═════ Task inputs ═════

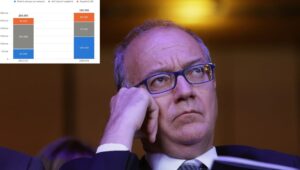 Um exército de trabalhadores temporários na escola, o Flc Cgil: "Valditara esconde os dados, nós os tornamos públicos"
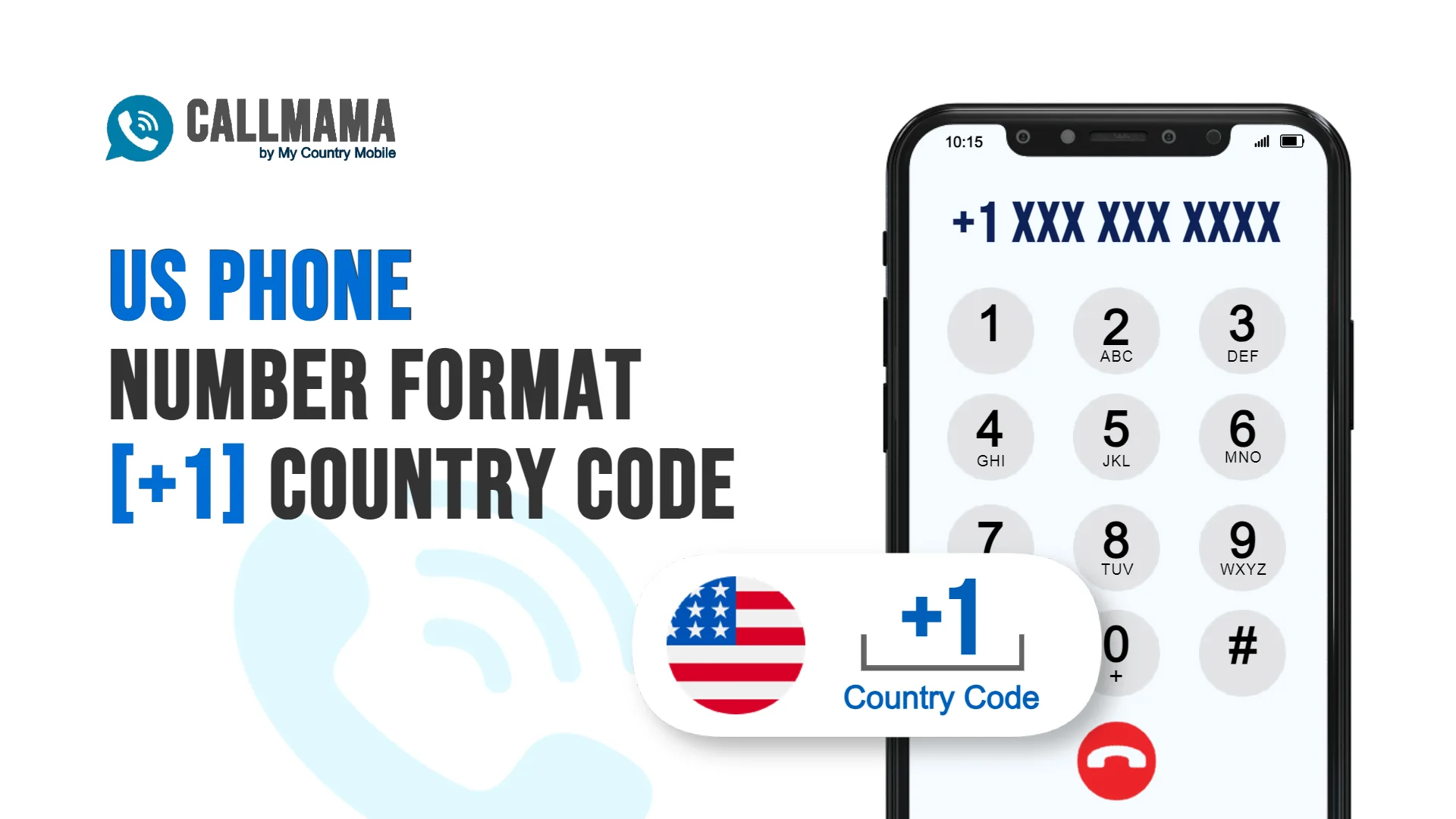 US Phone Number Format Guide: Uppringning, typer och tips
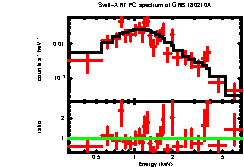 Image of the spectrum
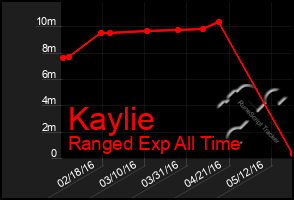 Total Graph of Kaylie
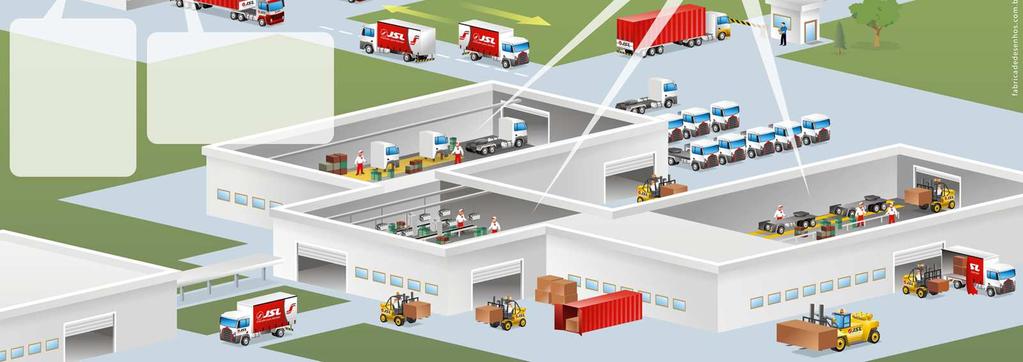 Conferência c. Sequenciamento d. Transporte para fábrica Inbound 2 Logística Interna da Fábrica a. Recebimento das peças b. Conferência c. Sequenciamento d. Abastecimento das linhas de montagem e.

═════

### Exercise objective
The output should consist of the records above, reproduced exactly, without pictures.

### Output
 Um exército de trabalhadores temporários na escola, o Flc Cgil: "Valditara esconde os dados, nós os tornamos públicos"
 US Phone Number Format Guide: Uppringning, typer och tips
 Image of the spectrum
 Total Graph of Kaylie
 Conferência c. Sequenciamento d. Transporte para fábrica Inbound 2 Logística Interna da Fábrica a. Recebimento das peças b. Conferência c. Sequenciamento d. Abastecimento das linhas de montagem e.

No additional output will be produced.